As part of the aging management review process for Component Cooling Water, a review of St. Lucie plant-specific operating experience was performed to identify any age related material failures/degradations associated with corrosion due to inadequate Page 27 of 27

L-2002-222 Attachment 1 chemistry controls. The results of the review identified no instances of material failures or degradation, which supports evidence of an effective chemistry control program.

Note that many component cooling water components have been inspected in the past as part of corrective maintenance or the preventive maintenance program (e.g., periodic pump overhauls). During the past 12 months, more than thirty maintenance work orders were generated for Units 1 and 2 Component Cooling Water that require disassembly or removal of components. These work orders include repairs on instrumentation and other isolation valves, flow control valves, and check valve and relief valve internals inspections throughout the system. A majority of these components (e.g., relief and isolation valves) entail system locations where stagnant flow conditions exist. The internal condition of the components has provided additional confidence that the Chemistry Control Program - Closed-Cycle Cooling Water System Subprogram is effective.

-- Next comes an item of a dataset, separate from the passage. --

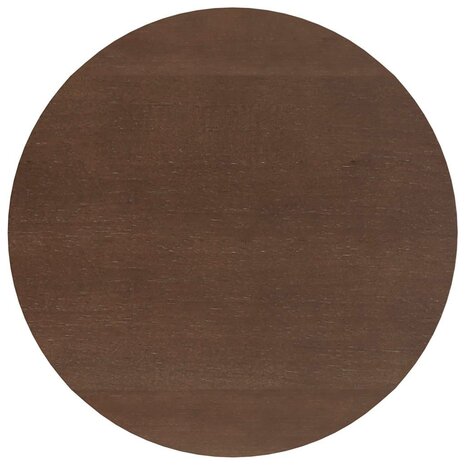 Eettafel bruin massief hout rubber 8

As discussed in the response to RAI 3.3.2-1, maintenance procedures typically specify inspection criteria or reference plant quality instructions that specify internal cleanliness requirements. See RAI 3.3.2-1 for additional information regarding maintenance inspection requirements. Any significant degradation identified during these inspections would have been documented under the plant corrective action program. As such, the St. Lucie Chemistry Control Program - Closed-Cycle Cooling Water System Subprogram was determined to be an effective program and the need for additional inspections of other component cooling water components specifically to confirm program effectiveness was determined to be unnecessary.